Existing pseudo-labeling strategies (such as Softmax, NCP, SHOT, T2PL, etc.) are mostly derived from the image domain and suffer from two core problems:

Ignoring temporal dynamics: Treating time series as static data without modeling state transition patterns across the temporal dimension.

Ignoring channel-level shifts: Different sensors in multi-channel time series are affected by domain shifts to varying degrees, but existing methods fail to distinguish between them.

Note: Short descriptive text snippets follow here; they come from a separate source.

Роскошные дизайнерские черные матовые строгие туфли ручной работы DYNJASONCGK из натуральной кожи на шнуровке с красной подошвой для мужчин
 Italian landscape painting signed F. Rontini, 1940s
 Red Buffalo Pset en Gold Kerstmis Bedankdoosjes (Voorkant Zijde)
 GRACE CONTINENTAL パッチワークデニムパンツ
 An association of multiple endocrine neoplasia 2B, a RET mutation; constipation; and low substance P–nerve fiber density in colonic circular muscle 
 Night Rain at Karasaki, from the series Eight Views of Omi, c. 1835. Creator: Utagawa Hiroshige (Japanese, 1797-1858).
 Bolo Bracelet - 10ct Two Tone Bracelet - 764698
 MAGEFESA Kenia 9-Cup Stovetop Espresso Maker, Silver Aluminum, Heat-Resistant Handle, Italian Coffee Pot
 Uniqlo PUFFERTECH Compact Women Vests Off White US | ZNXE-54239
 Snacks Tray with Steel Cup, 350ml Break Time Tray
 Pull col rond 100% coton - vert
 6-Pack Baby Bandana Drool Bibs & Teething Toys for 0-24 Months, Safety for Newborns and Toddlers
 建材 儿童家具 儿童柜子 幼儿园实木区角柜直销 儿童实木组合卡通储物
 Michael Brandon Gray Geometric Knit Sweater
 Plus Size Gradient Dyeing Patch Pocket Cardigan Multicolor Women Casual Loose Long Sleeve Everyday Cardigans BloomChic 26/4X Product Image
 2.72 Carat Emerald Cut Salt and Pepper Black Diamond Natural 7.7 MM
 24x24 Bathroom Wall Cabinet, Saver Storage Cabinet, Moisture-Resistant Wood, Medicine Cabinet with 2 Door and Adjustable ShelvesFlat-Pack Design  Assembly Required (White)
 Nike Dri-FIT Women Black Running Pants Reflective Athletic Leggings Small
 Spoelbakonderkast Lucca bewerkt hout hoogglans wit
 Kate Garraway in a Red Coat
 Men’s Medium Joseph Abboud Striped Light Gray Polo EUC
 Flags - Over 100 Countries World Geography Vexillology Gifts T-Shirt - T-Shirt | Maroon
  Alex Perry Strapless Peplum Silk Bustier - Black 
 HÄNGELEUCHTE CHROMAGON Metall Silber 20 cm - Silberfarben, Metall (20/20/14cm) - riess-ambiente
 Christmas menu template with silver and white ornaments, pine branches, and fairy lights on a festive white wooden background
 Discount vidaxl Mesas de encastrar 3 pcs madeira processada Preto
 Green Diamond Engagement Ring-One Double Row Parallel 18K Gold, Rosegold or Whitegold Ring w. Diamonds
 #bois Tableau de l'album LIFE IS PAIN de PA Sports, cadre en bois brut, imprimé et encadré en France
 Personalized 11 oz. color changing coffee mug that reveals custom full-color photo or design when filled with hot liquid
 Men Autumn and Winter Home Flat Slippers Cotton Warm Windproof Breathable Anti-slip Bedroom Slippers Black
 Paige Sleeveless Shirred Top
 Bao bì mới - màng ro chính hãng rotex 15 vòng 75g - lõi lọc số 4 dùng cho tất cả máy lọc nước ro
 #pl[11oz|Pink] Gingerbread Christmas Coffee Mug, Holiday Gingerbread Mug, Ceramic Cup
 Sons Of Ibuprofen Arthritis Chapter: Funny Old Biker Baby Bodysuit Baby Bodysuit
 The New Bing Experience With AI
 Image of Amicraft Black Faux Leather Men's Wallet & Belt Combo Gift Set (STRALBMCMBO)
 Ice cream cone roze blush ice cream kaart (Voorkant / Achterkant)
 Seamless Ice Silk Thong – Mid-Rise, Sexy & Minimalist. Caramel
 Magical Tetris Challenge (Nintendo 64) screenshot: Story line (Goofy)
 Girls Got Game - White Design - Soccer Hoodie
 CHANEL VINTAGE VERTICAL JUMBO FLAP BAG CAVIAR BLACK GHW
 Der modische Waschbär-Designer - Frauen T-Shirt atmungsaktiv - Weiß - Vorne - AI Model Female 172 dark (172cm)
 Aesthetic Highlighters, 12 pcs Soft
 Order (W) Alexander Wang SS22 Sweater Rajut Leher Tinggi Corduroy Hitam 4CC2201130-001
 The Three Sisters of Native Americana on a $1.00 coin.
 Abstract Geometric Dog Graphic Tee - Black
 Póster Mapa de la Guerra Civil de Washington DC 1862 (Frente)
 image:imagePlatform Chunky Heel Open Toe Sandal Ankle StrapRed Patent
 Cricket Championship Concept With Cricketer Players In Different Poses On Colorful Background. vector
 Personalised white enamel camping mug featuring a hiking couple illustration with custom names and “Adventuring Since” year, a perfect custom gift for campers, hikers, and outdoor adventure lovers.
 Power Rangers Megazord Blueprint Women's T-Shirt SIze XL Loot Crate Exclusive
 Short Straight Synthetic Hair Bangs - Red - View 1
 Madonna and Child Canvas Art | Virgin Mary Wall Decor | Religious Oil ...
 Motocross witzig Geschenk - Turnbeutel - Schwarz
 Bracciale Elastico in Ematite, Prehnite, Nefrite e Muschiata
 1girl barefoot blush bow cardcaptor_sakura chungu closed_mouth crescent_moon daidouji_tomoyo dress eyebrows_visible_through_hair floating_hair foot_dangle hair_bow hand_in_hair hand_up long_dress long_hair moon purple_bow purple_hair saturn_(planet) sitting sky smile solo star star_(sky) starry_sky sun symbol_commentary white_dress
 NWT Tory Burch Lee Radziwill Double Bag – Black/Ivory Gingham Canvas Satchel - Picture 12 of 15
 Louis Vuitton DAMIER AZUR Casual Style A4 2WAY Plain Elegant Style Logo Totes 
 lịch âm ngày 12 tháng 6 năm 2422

Key Challenge: Time series domain adaptation requires simultaneous modeling of temporal transitions and selective channel shifts, but existing methods treat this as a black-box operation, neither explicitly modeling it nor providing interpretability.

Core Idea: TransPL segments time series into patches, maps them to discrete codes via vector quantization (VQ), and constructs class-level transition matrices (modeling temporal patterns of each class in the source domain) and channel-level transition matrices (quantifying domain shifts of each channel). It then utilizes Bayes' theorem to generate weighted pseudo-labels. This not only achieves explicit joint temporal-channel modeling but also renders the pseudo-label generation process interpretable.

Method¶

Overall Architecture¶

TransPL consists of three stages:

Stage A — Source Domain Training: Utilizes labeled source domain data to train the encoder (Transformer), decoder, coarse-fine dual codebooks, and classifier. The time series $\mathbf{X} \in \mathbb{R}^{D \times T}$ is segmented into $N = \lfloor T/m \rfloor$ patches, encoded, and mapped to discrete codes via VQ.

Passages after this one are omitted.